Information Retrieval and Web Search
Self Study – Boolean Model
Information Retrieval and Web Search - IRWS - Griffith College 1

Today
 Term Weights
 Boolean IR Model
 Extended Boolean Model

Term Weights
 We have seen how we perform pre-processing to divide a document into terms
that are stored in an index.
 However, not all terms are equally useful for describing document contents.
 For this reason, terms are generally weighted in some way, to reflect this
usefulness.
 Deciding on the importance of a term (i.e. the weight) is not a trivial issue.

Term Weights
 Consider a document collection of 100,000 documents.
 A word that appears in every document is not very useful as an index term, as
it tells us very little about which documents a user might be interested in.
 A word that appears in 5 documents considerably narrows the space of
documents that might be of interest to the user.
 This is the basic rationale behind stop words, but it has wider consequences
also.

Term Weights
 We can also take the number of times a term occurs in a document into
account, for example:
 The term “Obama” will appear in a biography of Barack Obama, for obvious reasons.
 The term “Obama” will also appear in a biography of John McCain, as he once lost an
election to Obama. It will not be as common, however.
 The first document is more relevant to a search for “Obama” but without using
weights, both would be treated equally.
 The greater number of occurrences of the term in the first document should
result in a greater weight.

Term Weights
 When talking about term weights, we use the following notation:
 A weight wi,j > 0 is associated with every index term ki of document dj .
 For an index term that does not appear in the document, wij = 0
 This weight quantifies the importance of the index term for describing the
document's semantic contents.
 Any time we examine a new IR model, we must firstly consider how its
weighting scheme works.

Term Weights
 Index terms are usually assumed to be independent, though this is a
simplification.
 Consider a document about computer networks. Here, the terms computer and
network are clearly related, as the appearance of one attracts the appearance of
the other.
 You may argue that their weights should altered to take this dependency into
account

Term Weights
 Assuming independence simplifies the task of computing the term weights and
allows for fast ranking computation.
 Taking advantage of term correlation is a difficult task.
 Furthermore, nobody has yet demonstrated that taking this into account even
improves document ranking.
 For these reasons, we continue to assume that terms are independent.

Boolean Model

Introduction
 The Boolean model is a simple retrieval model based on set theory and
Boolean algebra.
 Its greatest advantage is its relative simplicity, and most people can understand
the concepts involved.
 It was adopted by many early commercial bibliographic systems.
 See page 25 of Modern Information Retrieval

Weighting
 The Boolean model only considers whether index terms are present or absent
in a document:
 For a term ki that is contained in a document dj , wij = 1
 For a term ki that is not contained in a document dj , wij = 0
 Thus we can see that the Boolean model does not make use of index term
weighting to differentiate between the usefulness of terms

Queries
 Queries consist of index terms linked by combinations of the three core
Boolean operators: and, or, not.
 Some systems that look like Boolean retrieval systems use other operators too
(e.g. NEAR) but we will be looking at the traditional Boolean IR model.

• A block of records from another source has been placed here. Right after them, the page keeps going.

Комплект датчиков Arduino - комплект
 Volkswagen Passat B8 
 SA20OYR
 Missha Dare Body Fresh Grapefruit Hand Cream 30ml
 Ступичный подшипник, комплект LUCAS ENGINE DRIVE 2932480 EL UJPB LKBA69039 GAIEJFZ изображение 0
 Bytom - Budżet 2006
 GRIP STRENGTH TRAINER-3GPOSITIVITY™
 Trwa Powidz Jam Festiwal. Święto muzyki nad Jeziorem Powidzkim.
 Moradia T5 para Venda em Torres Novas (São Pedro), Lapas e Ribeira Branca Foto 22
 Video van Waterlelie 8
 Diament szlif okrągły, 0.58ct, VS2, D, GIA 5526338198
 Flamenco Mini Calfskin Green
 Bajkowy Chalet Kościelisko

Boolean Model Operators: OR
 OR is used to broaden a search by retrieving any, some or all of the keywords
used in the search statement.
 It is commonly used to search for synonymous terms or concepts, for example:
 college: 17,320,770 results
 university: 33,685,205 results
 college OR university: 38,702,660 results
 Note that the final result is not the same as the sum of the individual results:
documents containing both terms (e.g. “University College Dublin”) will only
be counted once.
 The effect of using OR is that documents containing any number of the terms
specified will be returned.

Set theoretic representation of OR
 If C is the set of documents that contain
the term “college” and U is the set of
documents that contain the term
“university”, the query “college OR
university” can be calculated by C U.
(i.e. the area in yellow)

Boolean Model Operators: AND
 AND is used to narrow a search by ensuring that all the search terms should
appear int he results.
 It is commonly used to search for relationships between two concepts or terms,
for example:
 poverty: 783,447 results
 crime: 2,962,165 results
 poverty AND crime: 1,677 results (max possible results 783447)
 The more terms or concepts combined in a search with AND, the fewer records
that will be retrieved.

Set theoretic representation of AND
 If P is the set of documents that contain the
term “poverty” and C is the set of
documents that contain the term “crime”,
the query “poverty AND crime” can be
calculated by P C (i.e. the area in yellow).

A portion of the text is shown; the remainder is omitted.